八日庚戌、明後日十日ニにら山*22表ニ御取出*23可有之之由御ふれ候、

十四日丙辰、雨降、関白様来十六日ニ吉原*24迄御成候とて吉原御陣屋かけ*25ニこし*26

十五日丁巳、御陣屋之道具取候原にておいとり*27、かり*28にて山の鳥十五とり候

十六日戊午、御陣屋いて候てそうか原かへり候、

十七日己未、関白様去十日ニ吉田*29迄御成候、彼地ニ十三日迄御逗留候由候

十八日庚申、材木あたり*30候、関白様田中*31迄御成候由候

十九日辛酉、関白様今日駿府*32迄御成候由候、戸田三郎右衛門*33所江石風呂ニ入候、よしハら御陣屋すくなく候とて又あたり候

二十日壬戌、吉原小屋普請ニ人数つかハし候、関白様駿府迄御成候て殿様御こし候

廿二日甲子、殿様御帰候

廿三日乙丑、関白様清見寺*34迄御成候御前へ出候、天神山にて材木引候、夜より雨降

廿四日丙寅、同材木引候戸田左門ふる舞候

廿六日戊辰、関白様よしハら*35迄御成候

廿七日己巳、関白様沼津*36迄御成候見物ニ越候

廿八日庚午、山中筋物見関白様御越にて長久保城へ御成候

廿九日辛未、山中筋をしこませられ*37候、山中城*38中納言殿衆*39のりくつし*40

図1. 家忠日記登場地名関係図

『日本歷史地名大系 静岡県』より作成

図2. 駿河国略図

「駿河国」(『国史大辞典』より作成)

図3. 遠江国略図

「遠江国」(『国史大辞典』より作成)

「家忠日記」によると家康が遠江国中泉の知行割を行うなど領国支配の基礎固めを行う一方で、軍勢の通過に意を払っている様子がうかがえる。

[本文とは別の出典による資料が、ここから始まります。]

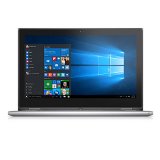 Dell Inspiron i7359-1952SLV 13.3 Inch 2-in-1 Touchscreen Laptop (6th Generation Intel Core i3, 4 GB RAM, 1 TB HDD) $519.99 FREE Shipping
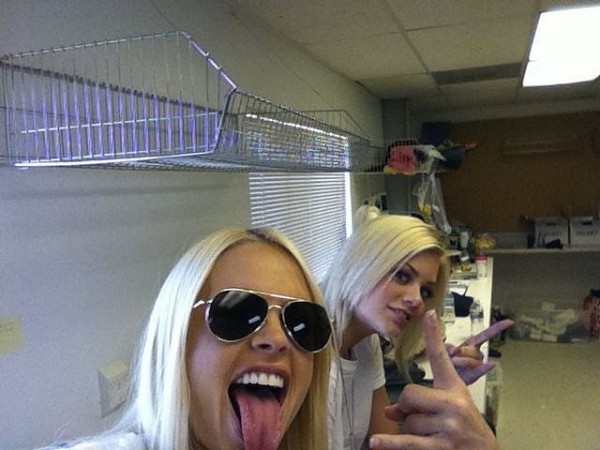 Riley Steele, Selfpic, Selfshot, Selfie, Day, With Friends, Moments, Friendship, Life Moments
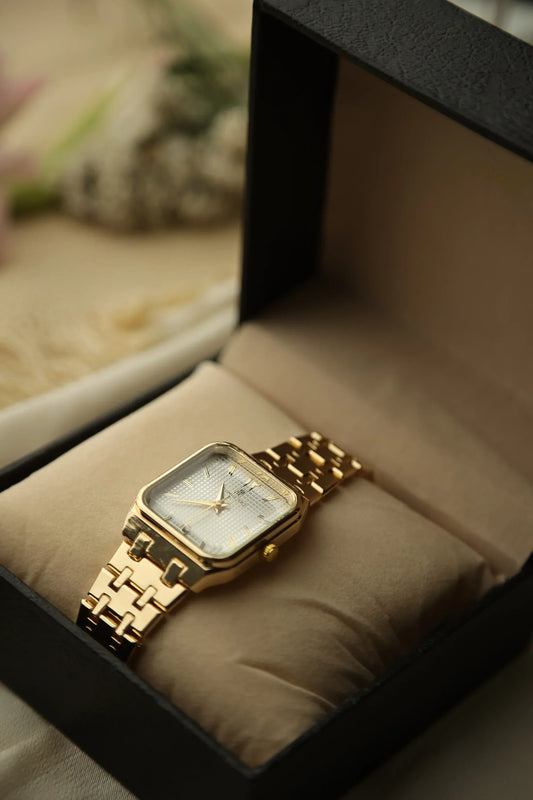 AP Roman Gold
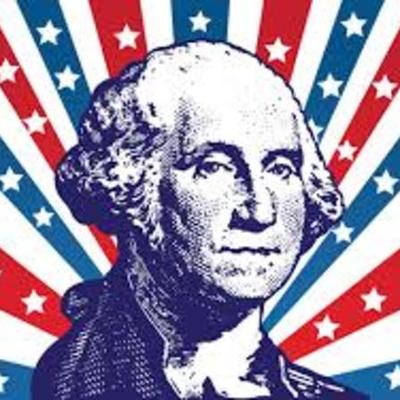 Timeline: United States History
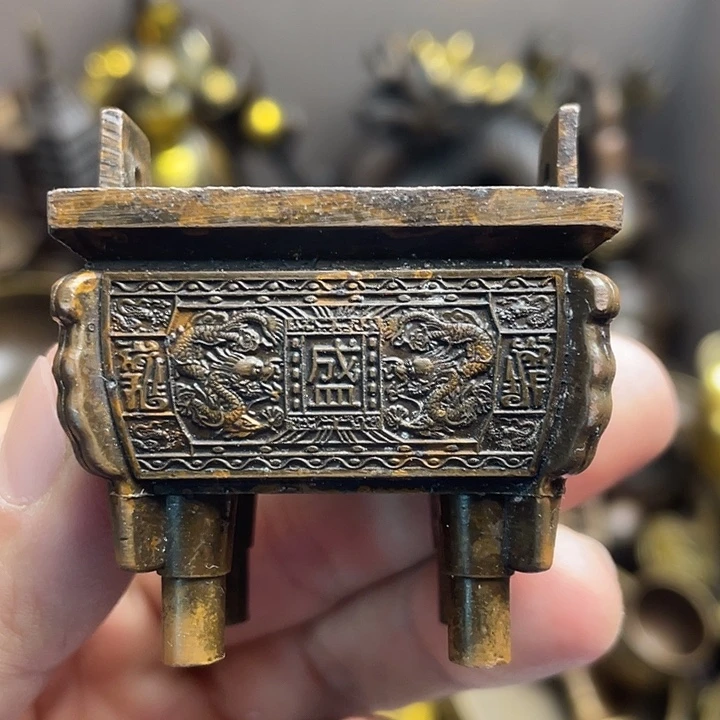 健健康康平平安安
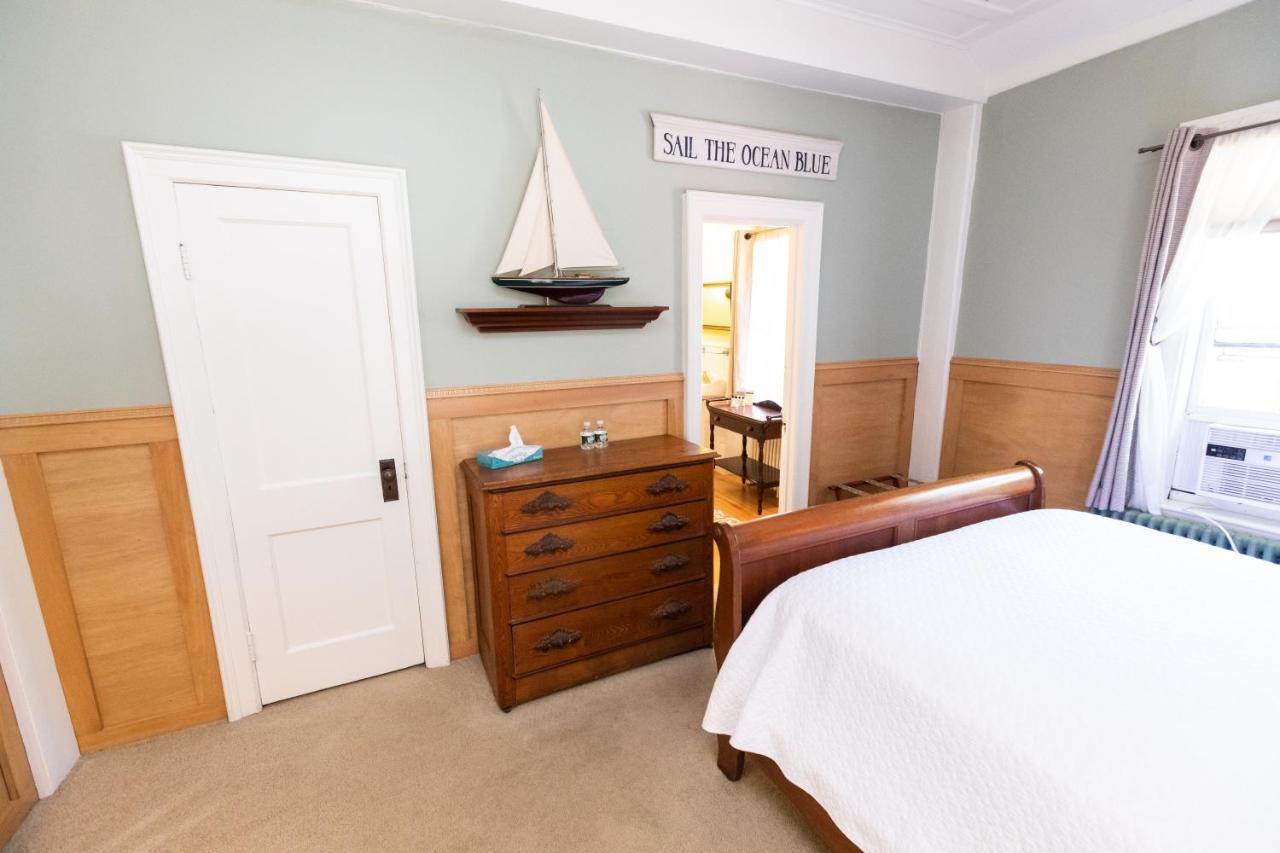 Waybury Inn East Middlebury Dış mekan fotoğraf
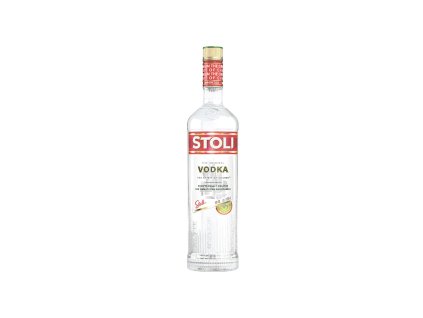 1945 1945 1945 1945 stoli new
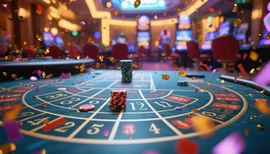 Betnano Promosyon Kodları: Bonuslar ve Nasıl Kullanılır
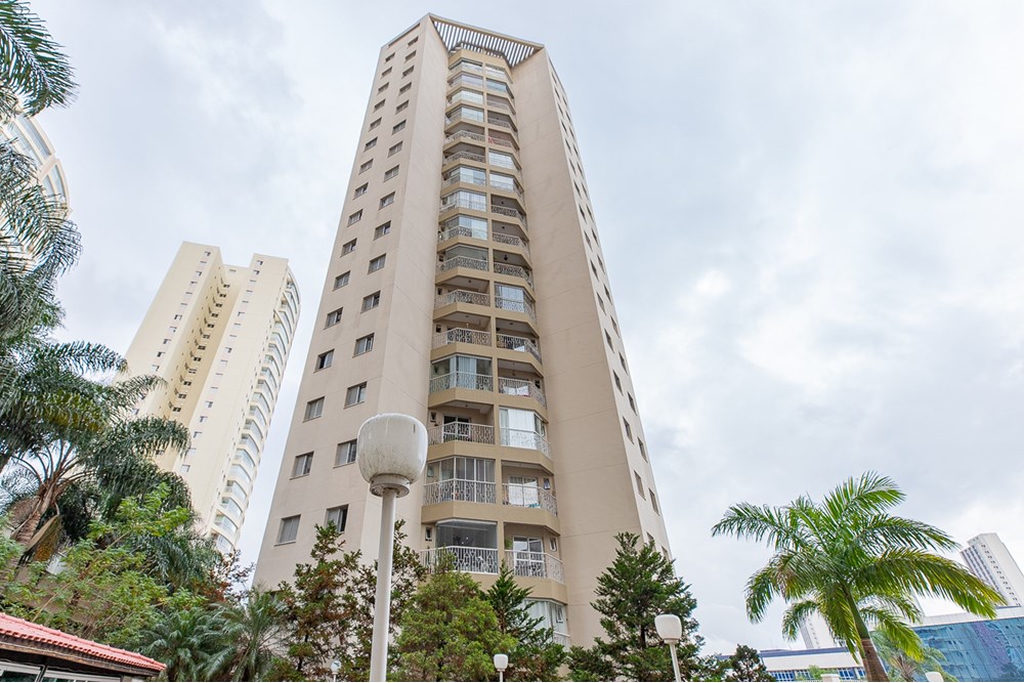 Apartamento, 3 quartos, 71 m² - Foto 13
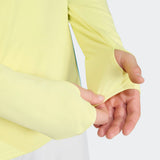 Load image into Gallery viewer, adidas Club America Training 1/4 Zip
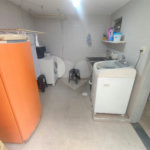 Excelente imóvel para locação comercial com 220m² e vaga no Anália Franco !!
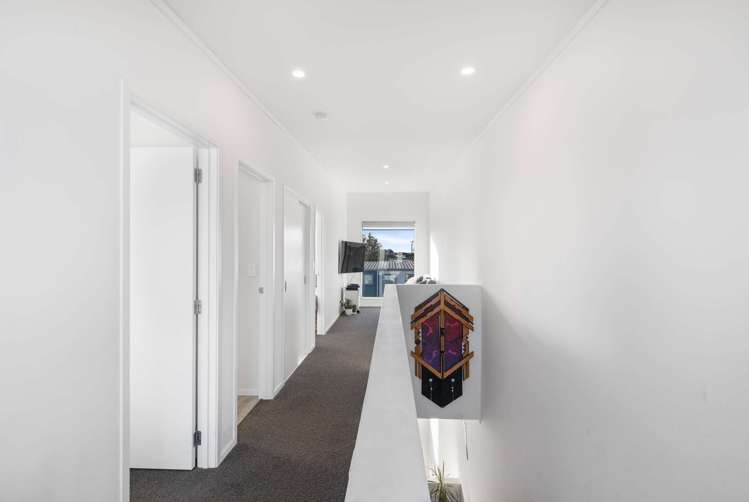 32/31 Reynolds Place Papamoa_24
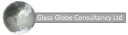 Glass Globe Consulting logo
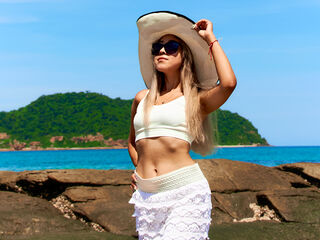 erotic cam video ArianaWells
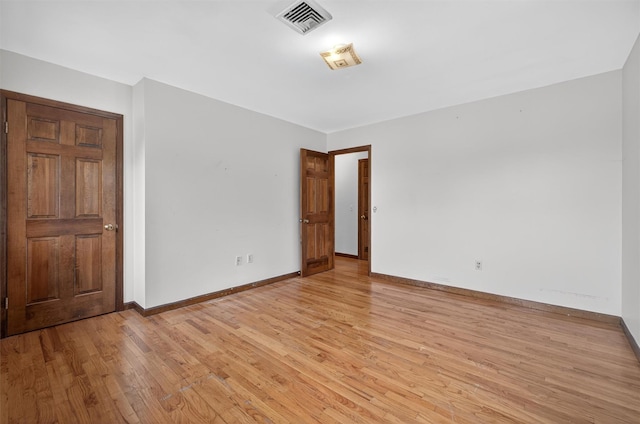 1 Jess Ct, Hopewell Junction, NY 12533 - photo 28
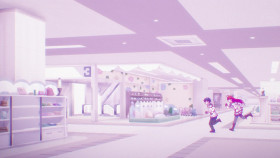 Gods Games We Play S01E02 DUBBED 1080p WEB H264-SKYANiME EZTV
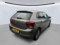 preview Volkswagen Polo #5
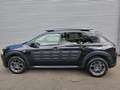 Citroen C4 Cactus 1.2 Pure Tech Shine Nero - thumbnail 2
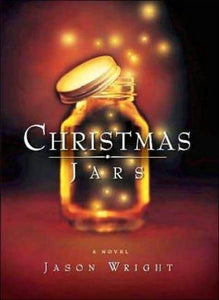 Christmas Jars - RHM Bookstore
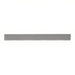 Lenox 1793098 Band Saw Blade, 15 ft. 3 in L, 1-1/4" W, 4/6 TPI, 0.042" Thick, Steel - KVM Tools Inc.KV53ZD70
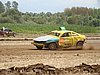 2012HAA-SP-246.JPG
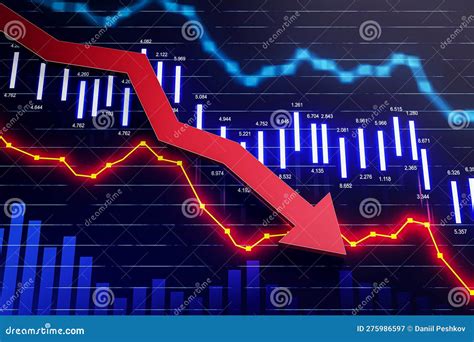 Image result for Downward Economy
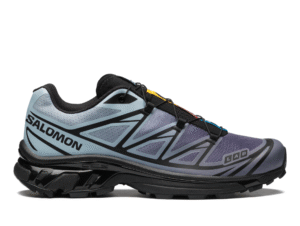 Diseño sin título - 2025-09-14T223429.970 Salomon XT-6 Chromatic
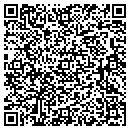 QR code with David Bryan contacts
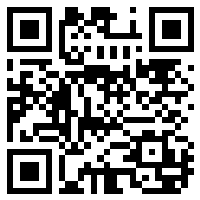 QR Code for 1GLvN6astr3EcLfF5haKPj5LBnfLMuBibE
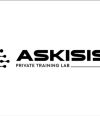 Askisis Private Training Lab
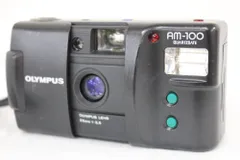 【動作確認済】 Olympus AM-100 F-0728-22ID p 動作確認済】 Olympus AM-100 F-0728-22ID p - メルカリ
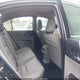 1HGCR2F81DA266088 2013 Honda Accord Ex-L auction photo thumbnail 8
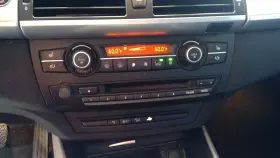 64119310447 BMW Heater Climate Temperature Control Front Ac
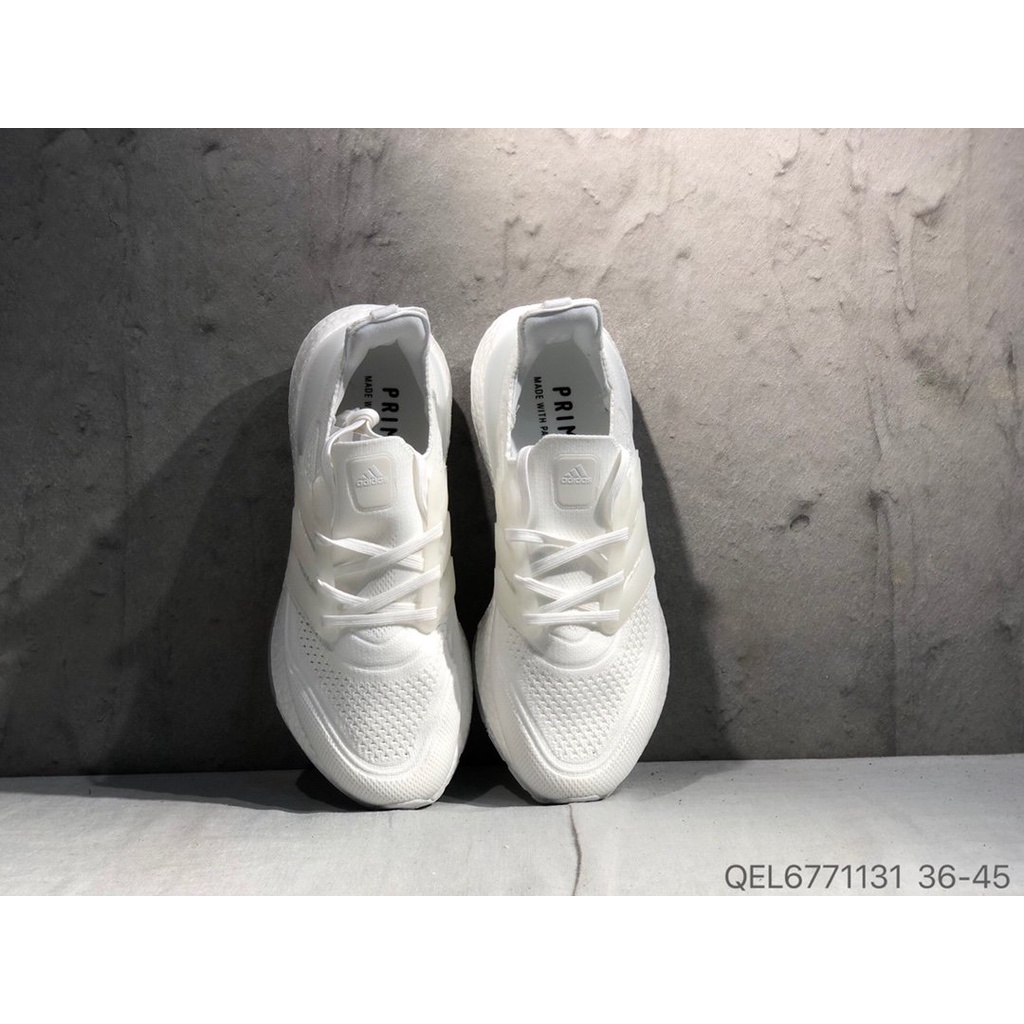 Giày Thể Thao adidas Ultra Boost UB2 GZ7120 36-45 Thời Trang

とくに秀吉を迎えるため「御茶屋」、つまり遊郭を建てたり、舟橋を掛けたりしている。

当然これらの負担は領国内の百姓が負うことになる。そういう意味において2月22日水野秀忠が三河から「百姓難渋申し候由にて」やってきたという部分の詳細が気になるところである。